Still in Washington

After a whirlwind trip back home for a family reunion, I'm back in Washington and probably will be for another 5 weeks.

Although it's a long flight out here and you do get sorta cramped up with the ride, it's still nice to look out and see landmarks like Mount Rainier as you come in.

Some days when I drive in to Enumclaw, it's not visible at all but for the past few days, it really has been nice here so I'll post a lot of pictures of Rainier while the sun is still shining making the flowers (weeds) in the fields really glow.

The cattle seem to be OK with it too.

Further up the mountain, bicyclists, sports car enthusiasts and motorcyclists can't resist a sunny day either.

In 1889, Seattle was mostly a harbor town built from the abundance of wood available.  The streets had problems with flooding and when they dumped the sewerage into the Puget Sound, the tides would bring it back in.  On June 6 of that year, a cabinet maker was making a vat of glue which overturned and ignited which spread and destroyed the town.  At least that's what I got out of it but you can read about it here.

Immediately, they set on a plan to rebuild, this time with brick stone and mortar.  Realizing they would eventually have the same problems with flooding they commanded that all new buildings should be built with no less than two stories.  With that in mind, as finances came available, they built up the streets one story higher than the ground floors.   So now, there is an abandoned underground portion of the city that is open for tours.

The original underground sidewalks had a series of skylights that illuminated the subterranean sidewalks.  It should be noted, some others on the tour also had a "dim" view of my "earthquake" quip.

Eventually, the below ground store entrances were abandoned.  Today, there are a couple of tour companies that will take you down (for a modest fee) and deliver an entertaining experience which ironically ends (of all places) in their gift shop.  Imagine that.

Another great attraction is the downtown Public Market.

Here you can find fresh produce, fresh salmon and several restaurants.

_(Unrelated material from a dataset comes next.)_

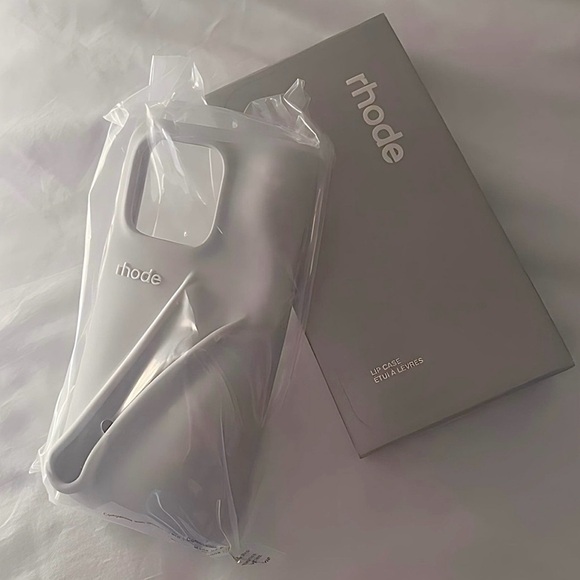 rhode Lip Case Silicone Phone Case iPhone 14 Pro NIB - Picture 7 of 7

Also, along Pike Place is the original Starbucks which always seem to have a folk band outside to entertain the very long line of people are willing to wait to get into the place.  It's not like you can't find a Starbucks on every other corner.

In a vain attempt to get away from the maddening crowds, there's also an option of going over to West Seattle to check out all the people who have the same idea as you.  It's never ending a parade of traffic attempting to find a place to park.

Great sundowns looking across at Bainbridge Island.   Before I leave I hope to get up there.

At this time of the year, you have to wait pretty late for it to be dark enough to see the city lights.

On yet another island I checked out just this weekend is Worden State Park on Wilson Point which has a decommissioned lighthouse.  You can see Mount Baker behind it probably 50 miles to the north.

This is definitely an interesting place with plenty to see and do, at least for some.  This is a place with a huge homeless population.  Old downtown common areas smell like urine, many neutral spaces have homeless encampments and you'll even see tents under the overpasses.


They say it's been there all along

I have been working in Enumclaw, Washington for a week now and this is my first glimpse of Mount Rainier. 

If I move my head just right, squint and look through the trees, I have my own view of this mountain from my office. 
Western Washington is well renowned for being wet for which I will attest.